Work instructions » Restate the lines word for word, from the first line of the records through the line containing "Eddie Howe applauds". Leave out the pictures and anything after that line.

___ Material supplied ___

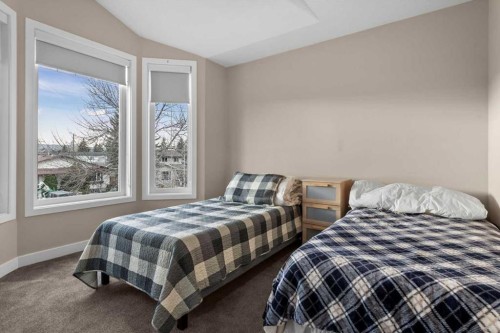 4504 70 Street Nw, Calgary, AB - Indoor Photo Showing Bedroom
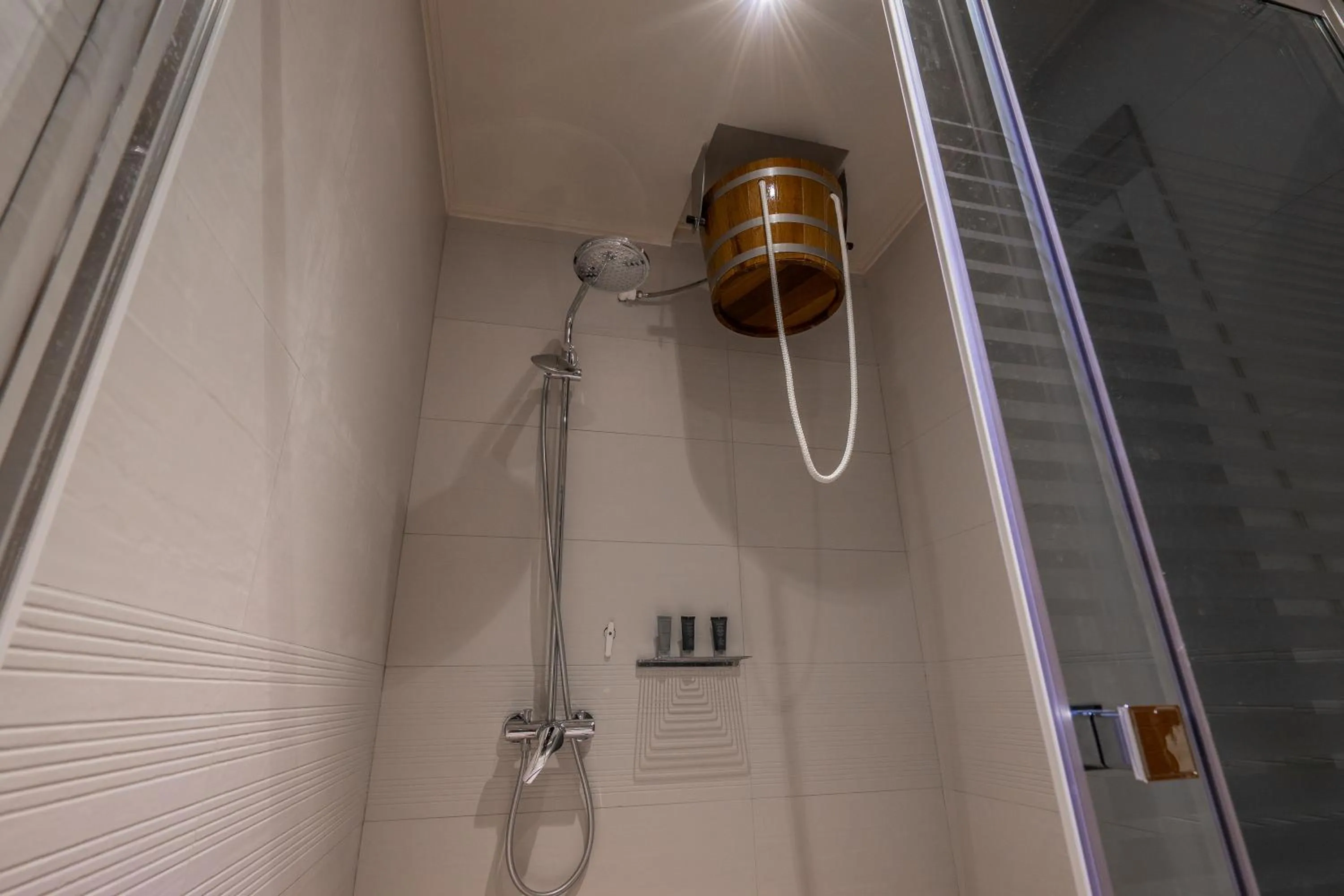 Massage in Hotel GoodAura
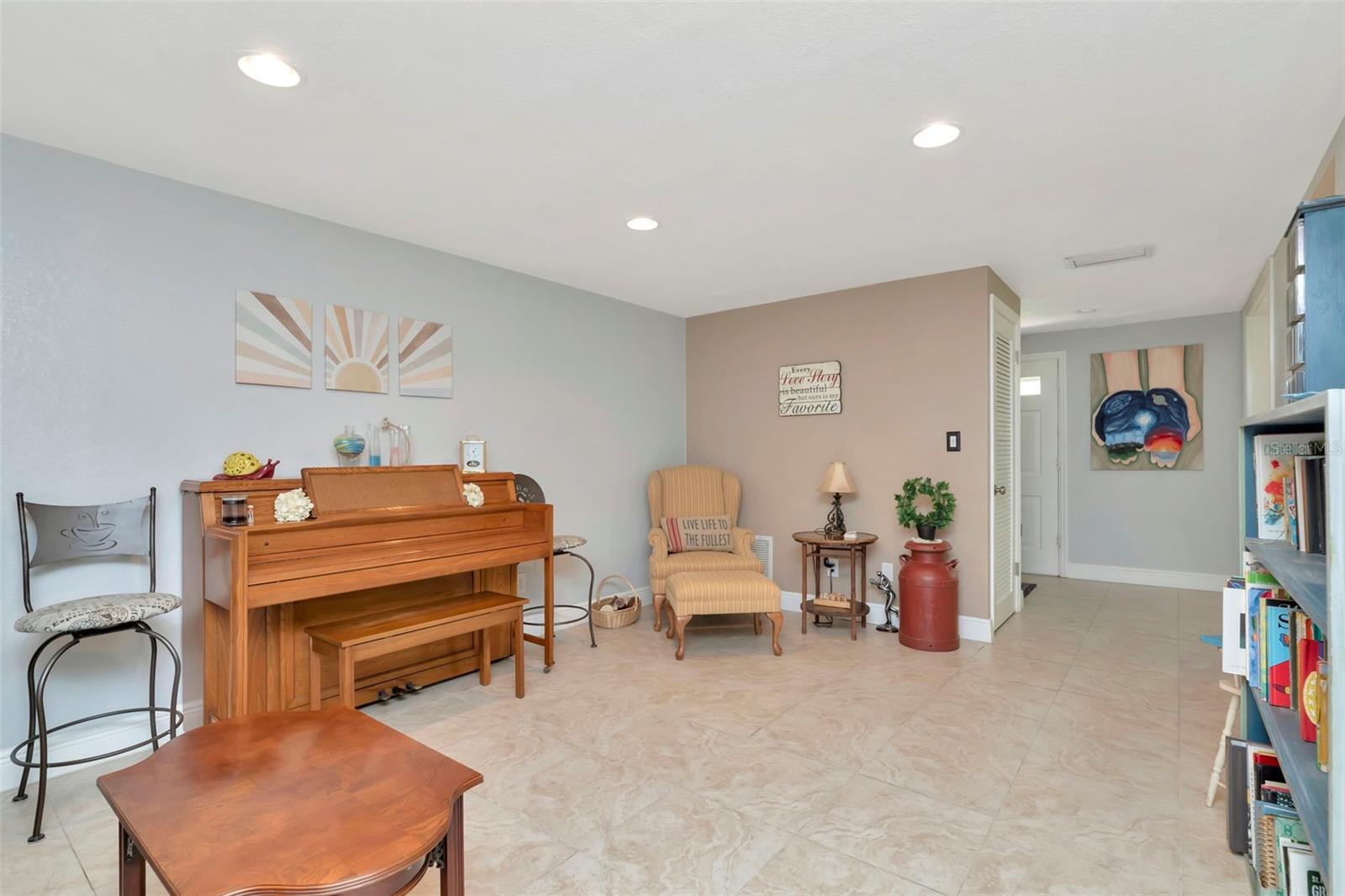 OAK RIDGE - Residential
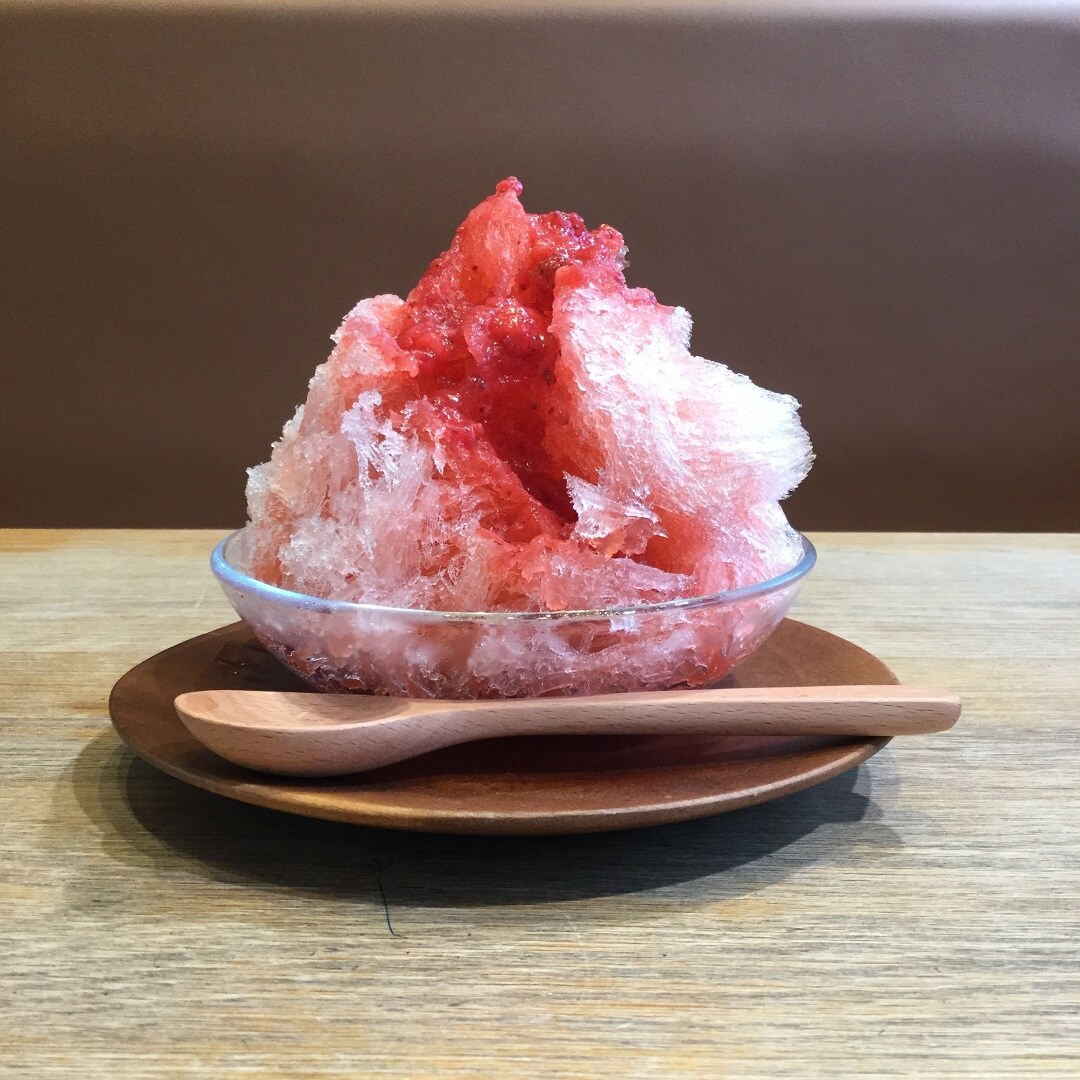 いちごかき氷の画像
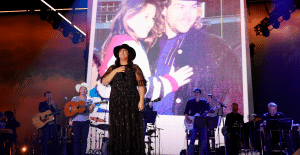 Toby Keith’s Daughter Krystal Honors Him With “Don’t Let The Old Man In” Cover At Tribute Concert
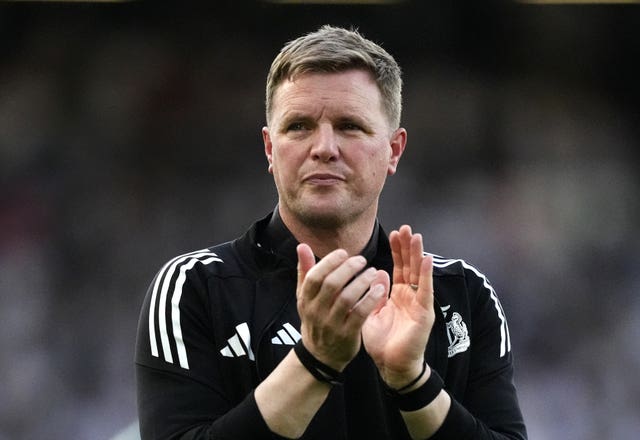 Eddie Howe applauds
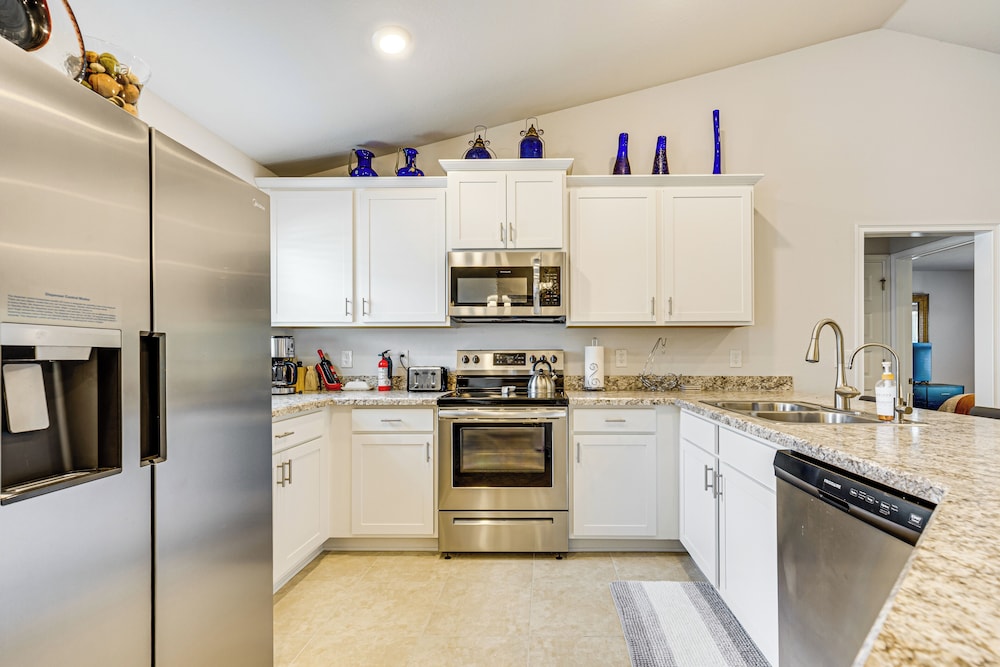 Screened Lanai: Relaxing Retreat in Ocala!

___

Answer space »
 4504 70 Street Nw, Calgary, AB - Indoor Photo Showing Bedroom
 Massage in Hotel GoodAura
 OAK RIDGE - Residential
 いちごかき氷の画像
 Toby Keith’s Daughter Krystal Honors Him With “Don’t Let The Old Man In” Cover At Tribute Concert
 Eddie Howe applauds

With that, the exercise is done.